To help combat climate change, GIZ is supporting moves to make greater use of renewable energy in more than 30 countries. In Brazil, India, and South Africa alone, millions of people today use solar and wind power. The electricity generated would be enough to power eight million German households (families with an average annual electricity consumption of 3,500 kWh).
The German Federal Ministry for Economic Cooperation and Development (BMZ) is GIZ’s principal commissioning party and in 2013 placed commissions for GIZ services worth EUR 1.5 billion (business volume). This figure also includes around EUR 170 million of project co-funding received from third parties, including the EU, foundations, and private companies.

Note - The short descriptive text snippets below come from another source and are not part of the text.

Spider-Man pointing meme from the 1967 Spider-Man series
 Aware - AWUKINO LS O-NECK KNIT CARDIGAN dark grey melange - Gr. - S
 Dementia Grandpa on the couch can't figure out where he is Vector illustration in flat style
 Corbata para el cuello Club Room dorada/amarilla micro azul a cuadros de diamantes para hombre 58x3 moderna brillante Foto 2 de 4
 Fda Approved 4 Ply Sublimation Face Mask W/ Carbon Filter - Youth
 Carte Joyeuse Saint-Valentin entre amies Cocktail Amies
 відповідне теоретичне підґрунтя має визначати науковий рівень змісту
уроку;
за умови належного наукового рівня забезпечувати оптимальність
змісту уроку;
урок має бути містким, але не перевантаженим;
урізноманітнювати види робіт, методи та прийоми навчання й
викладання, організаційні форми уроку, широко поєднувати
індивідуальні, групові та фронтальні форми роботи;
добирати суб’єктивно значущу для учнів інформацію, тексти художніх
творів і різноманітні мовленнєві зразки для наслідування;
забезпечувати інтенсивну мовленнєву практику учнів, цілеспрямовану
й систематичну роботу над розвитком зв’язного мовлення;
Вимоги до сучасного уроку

GIZ is now a service provider for the whole of the German Government, and today the commissions it receives from other government departments, such as the German Federal Foreign Office and the Federal Ministry for the Environment, Nature Conservation, Building and Nuclear Safety (BMUB), account for almost 15% of total business volume. In 2013, income from these two federal ministries amounted to EUR 118.6 million and EUR 86.6 million respectively.
Around 9% of the business volume – some EUR 178 million – comes from commissions and funding supplied by private companies, foundations, multilateral organisations and foreign governments. ‘We use these millions to support the government’s international cooperation activities instead of using German taxpayers’ money,’ said Tanja Gönner.
At the end of 2013, GIZ had a total of 16,510 staff members compared with 16,229 on 31 December 2012. As in the previous year, about 70% of all employees – some 11,244 individuals in total – were employed in our partner countries as national personnel. Almost 1,000 integrated and returning experts and 869 development workers were also working for GIZ.
The Deutsche Gesellschaft für Internationale Zusammenarbeit (GIZ) GmbH is a federal enterprise with worldwide operations. We support the German Government in the fields of international cooperation for sustainable development and international education. Through our work we assist people and societies in shaping their own futures and improving living conditions.